Yeah...it'd be nice if Mathews re-scanned the manual and created another PDF file. It's fuzzy regardless of the "size" setting...still readable, though.

I'm going to ask them to re-scan it.

Joe


----------



## Welpracing (Mar 5, 2015)

Sorry to bring up a really old post but i am looking for a manual for the Switchback XT i just got. the link above doesn't work for me and i can't seem to find it on Mathews website like they say in google searches. can anyone point me in the direction to print off a manual for the Mathews Switchback XT?


----------



## Welpracing (Mar 5, 2015)

anyone know where I can find manuals for mathews bows?


----------



## edthearcher (Nov 2, 2002)

did you try a google search??? i did and got lots of results


----------



## Welpracing (Mar 5, 2015)

Yes i tried that and came up with dead results when i did it. all the links i clicked on did not exist any more. unless we are coming up with something different.


----------



## Welpracing (Mar 5, 2015)

share a link of one that you found that works for the switchback xt?


----------



## TN ARCHER (Jan 31, 2007)

You may not be able to find any info on-line at this point.

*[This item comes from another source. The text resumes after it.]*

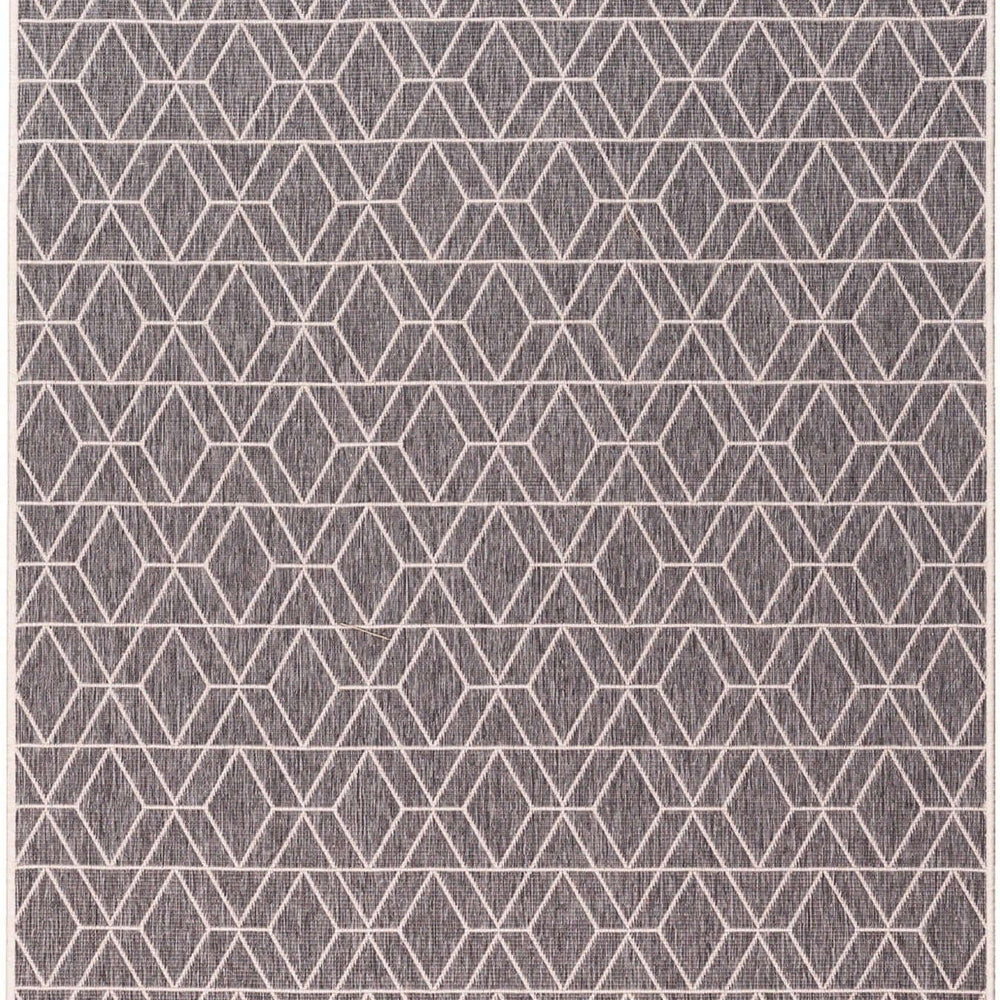 Duo Weave Outdoor Rug Diamonds The Rugs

What are you needing to know? There's a world of knowledge here on AT....


----------



## Welpracing (Mar 5, 2015)

big thing i was wanting to know is how many turns out I can go with the limb bolts. the bow is a sticker says 70/28 and with my limb bolts all the way tight it would peak at 63lbs with my old string and cable. (i like to loosen my limb bolts before pressing is why i wanted to know) I started changing the cable and string last night and it is a pretty straight forward bow with not much adjustment so i didn't need to know much more than the how much to turn out the limb bolts for pressing. Also, I am just a person that likes having the manual for everything I own so if i need to reference something then I have it.


----------



## TN ARCHER (Jan 31, 2007)

My memory is saying 5 turns. I don't know if that's the recommend turns before pressing or the Max turns.... been a while since I had an xt, damn good bow! 

But I'd bet your ata is off as well as Cam timing if you are 7# low of Max...

Keep posting your request in different forums. Somebody out there has a manual.


----------